School-board members asked Superintendent Ron Blocker to prepare a system-wide assessment to determine how the district has complied with the 30-year-old desegregation order. Among the items to be discussed are urban-school funding, and teacher and student populations. There will also be a determination whether schools like the one proposed for West Winter Park have affected the district's compliance.

"There are so many unanswered questions," says Kat Gordon, the district's only black board member. Gordon is suspicious of motivations behind the West Winter Park school. She doesn't like the thought that students might be taken from high-performing schools and placed together in low-performing ones. "To me, it's kind of weird," she says. "What would be the purpose? There are so many wonderful schools in Winter Park, everybody wants to bring their kids there."

Backers of the school insist they have no hidden agenda. The idea for the school originated out of a listening campaign in which volunteers interviewed residents of the low-income neighborhood to find out what can be done to alleviate problems. "The overwhelming response is that we'd like to have a school," says Margaret Sanders, a neighborhood activist who sits on the West Winter Park school committee.

The committee wants to model the school on a progressive model in Boston called the Small Schools Program. In 1994, the Boston school district, responding to the charter-school movement sweeping the country, devised a program whereby schools would have the autonomy of a charter school (an independent board of directors, freedom of governance, curriculum and staffing) but would be staffed by union teachers. The result was the program, which now enrolls about 5 percent of the Boston public student body in 13 schools.

But Boston's small-school program doesn't have the problem of the two charter schools authorized by Orange County. According to Dan French, executive director of the Center for Collaborative Education, a nonprofit agency counseling the Boston school district on the pilot program, Boston's pilot schools have a nice mix of black and white students. "We have a full range of diversity of families across race and status," he says.

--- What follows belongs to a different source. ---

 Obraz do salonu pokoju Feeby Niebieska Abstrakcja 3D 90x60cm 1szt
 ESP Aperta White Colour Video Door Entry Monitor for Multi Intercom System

The racially mixed program might be an anecdote to the nationwide movement to bring back schools to neighborhoods from which children are now being bused. According to Paul Green, a University of California, Riverside professor who specializes in urban-education policy, black leaders have returned to the idea of black schools after becoming fed up with the judicial system, which has failed to deliver the promise of truly integrated schools. "Their intention is not to create a de facto school system," he says. "Theirs is a response to the de facto system. The affluent, white society has still been able to create a separate school system. Blacks want the same opportunity. In effect, we've come full circle again."

But is this a good thing?

Not according to Gary Orfield, director of the Human Rights Project at Harvard University. Orfield, who writes extensively on integration, says studies repeatedly show that students of all ethnicities benefit from integration. Among other things, they are more likely to have positive racial attitudes and more likely to go to an interracial college and succeed.

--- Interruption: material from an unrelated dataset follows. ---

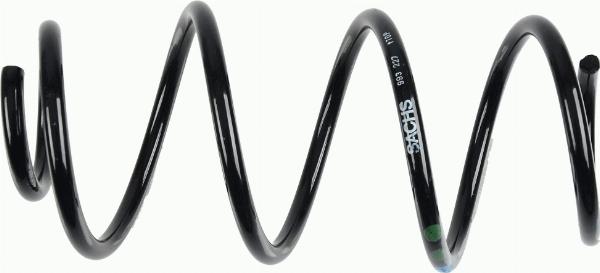 SACHS 993 227 — Sprężyna zawieszenia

"Rarely are segregated schools equal," he says. "A segregated education produces a segregated life. What is wrong with a segregated school is that they can't be effective in an integrated society, especially for people who live in a segregated neighborhood."

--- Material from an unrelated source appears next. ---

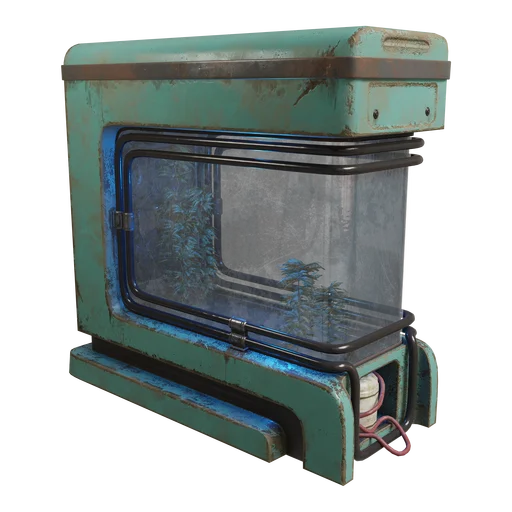 Trailer Aquarium Display Case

Orfield remembers a superintendent in the St. Louis school system who invented a novel idea for recruiting white kids to a school in a black neighborhood. He sent out an invitation to white parents saying, in essence, their child was highly gifted and invited them for testing on a Saturday morning. Parents arrived in droves.

A gimmick? Orfield doesn't think so. "Successful marketing," he says. "These schools really become a self-fulfilling prophecy. If everyone thinks they'll be wonderful, they will be wonderful. If a school gets a negative reputation when it opens up, it will be doomed."